Least Expected

misja

Misja Pec

For my third birthday, all I wanted was a chocolate cake. My mom promised me one, so I was excited for this grand delivery of layer upon layer of creamy chocolate covered in ribbons of icing. My whole family would be there with presents and kisses, singing “Happy Birthday” amid the streamers and balloons filling the air. I would finally feel like the princess I was destined to be. When the big day came, my mom plopped down a brown loaf with three tiny candles in front of me with a thud. There was no multi-tiered chocolate cake with towers of icing; there were no balloons, no streamers, no piles of gifts, and no one else in my family except my parents. In my three-year-old mind, everything was ruined.

Flash-forward 33 years later, and I’m sitting in my van with tears running down my face while I ice my ankle and lament my situation: It’s two days before my husband, Ben, and I are supposed to leave for a five-week climbing trip to Slovenia. My feet were about six feet off the ground on Change of Heart, a V6 in Bishop’s Buttermilks, when I jumped down and landed perfectly on the pads in a crouched position. A split second later, I lost my balance and tipped forward, my left foot twisting ever so slightly in an awkward direction. I felt a pop on the inside of my ankle and immediately grabbed it in pain. I quickly tried to walk it off only to realize that something was definitely wrong. Shock set in slowly, then mourning, denial, and grave disappointment, a similar process the mind goes through when someone dies. This was happening almost two years to the day after I broke my ankle (also bouldering in the Buttermilks) when my foot struck the ground between the pads, an injury that took me nearly three months to recover from.

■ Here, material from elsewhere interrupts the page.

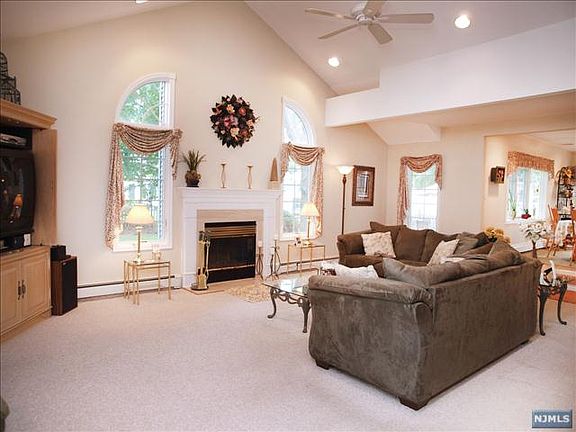 5th image of 411 Bergen Blvd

To add insult to injury (pun fully intended), this round of ankle problems happened when I wasn’t even supposed to be climbing hard. I was in taper mode following a life-consuming, 6-hours-a-day training regimen. For the past two months, Ben and I had been visiting family in Chattanooga, Tennessee, and training at the local gym. Every Monday through Thursday we devoted ourselves to training like it was our job. Wake up, yoga, breakfast, then head to the gym for cardio, weightlifting, climbing, hundreds of pull-ups, campusing, hangboarding, Frenchies, circuits, TRX, leg exercises, 4×4’s—and that’s all in a single session. We were sacrificing prime Southern conditions at the half-dozen world-class crags near Chattanooga to toil away inside. I had even trained through a nasty weeklong flu that had me otherwise bedridden with soup and hot tea.

training

Training for power

Our goal to dispatch projects quickly on fantastic Slovenian limestone seemed like it was slipping away. My ankle turned into a large purple onion while my mind filled with doubt. What if it’s broken? Will I be able to push off the notoriously glassy feet of Misja Pec? What would I do with my strongest body ever and a bum ankle? Should I stay in Bishop in our van, just limping along and waiting? Waiting for what exactly, I wasn’t sure.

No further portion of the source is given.